# Engine Lubrication?



## jjb727 (Apr 13, 2012)

How often should the locomotives (steam/diesel) be lubricated? I waned to learn how to do it, but I don't see very many youtube videos showing people like me how. I don't want to over do it and I certainly don't want to make mistakes. Thanks


----------



## shaygetz (Sep 23, 2007)

Once a year is usually enough...a very small drop at each axle bearing point (if metal to metal) and at each shaft bearing on the motor. A dab of light grease on the gears...make sure all lubricants are plastic compatible. The black plastic found at some bearing points is Delrin and needs no oil. A complete tear down is only necessary for very heavily used engines and shelf queens that see little run time.


----------



## Pfunmo (Feb 21, 2013)

Shay touches lightly on something that is often overlooked. Lots of us have found how hard it is on things like weedeaters if they are not used now and then. Same goes for model engines. Given a choice of an engine that has been run twice a year and an engine that has been on the shelf for years, I want the one that runs now and then. The grease and tiny amounts of oil get moved around and do their job much better than just setting still. 
Go very lightly on the oil and grease but run things once in a while also. Too much grease can get into the wrong spots and really be a pain. Electrical contact points are a spot to keep clean!


----------



## union pacific 844 (Jan 29, 2013)

is once a month over kill then ?


----------



## fs2k4pilot (Jan 5, 2013)

Perhaps, but it really depends on the amount of usage each loco gets.


----------



## jjb727 (Apr 13, 2012)

Anyone who knows current bachmann steam engine models, please let me know how to lubricate the following:

Bachmann Locos
1. 4-8-4 DCC on-board SF Northern
2. 4-8-4 DCC on-board Southern Pacific GS6 
3. 0-6-0 DC UP switcher
4- Two 4-4-0 Americans (UP and PRR)
5. NS GP50 High hood
6. UP F7A
8. Alaska RR (dont remember the engine model, but it comes with the McKinley Explorer set)

Life-Like:
1. Two SF GP38-2 High hoods
2. One UP GP38-2 High hood
Note: All 3 only have 1 power pick-up truck

Athearn:
1. SF yellow bonnet F7A
2. NVRR F7A
3. SP F7A

Walthers:
1. GP-38's (Burlington Northern, Santa Fe)


----------



## Pfunmo (Feb 21, 2013)

I would say once a month is most likely overkill.

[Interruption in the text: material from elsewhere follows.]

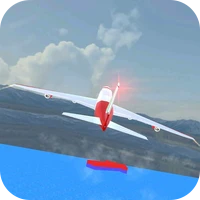 天空飞行挑战-天空飞行挑战v1.0.3安卓版APP下载
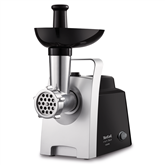 Mėsmalė Tefal Prekė - NE1088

Unless one has an extreme like a show engine running pretty much full time, once a month is lots of work and potential for damage that I would avoid. It's a judgment call of course but most of the time engines require less. Oil and grease does not dry out that quickly and taking the cover off that often does have some danger involved even if it only involves rubbing the paint off! 
I would go for a once yearly , thorough job.


----------



## VESUVIO (Feb 11, 2013)

WOuld it be possible to illustrate the lubrication points with pictures? 
Thank you


----------



## DonR (Oct 18, 2012)

JJB

I can tell you how to lube the Bachmann F7..only

Look at the truck cover ends. You'll see a square that
locks over a small tab. Carefully pry this off at one end
and it will lift off. Apply just a dab of plastic friendly grease.

To lube the motor you have to take off the shell. There are
2 screws in front and back of fuel tank (not the screws in the tank).
Remove these and you'll have access. Plastic friendly oil.

Don


----------



## dwarven1 (Oct 7, 2013)

shaygetz said:


> Once a year is usually enough...a very small drop at each axle bearing point (if metal to metal) and at each shaft bearing on the motor. A dab of light grease on the gears...make sure all lubricants are *plastic compatible.*


Do you have any specific recommendations for plastic compatible lubricants? I tend to use either Tri-Flow or BreakFree on my firearms; would either of those oils be too thick? As for grease... only grease I have is RIG grease... which, I'm thinking, may be too thick, too.



Pfunmo said:


> Shay touches lightly on something that is often overlooked. Lots of us have found how hard it is on things like *weedeaters *if they are not used now and then.


I'm new to the world of model trains - what is a "weedeater"? Never heard that phrase before. Other than in relation to garden equipment, that is.


----------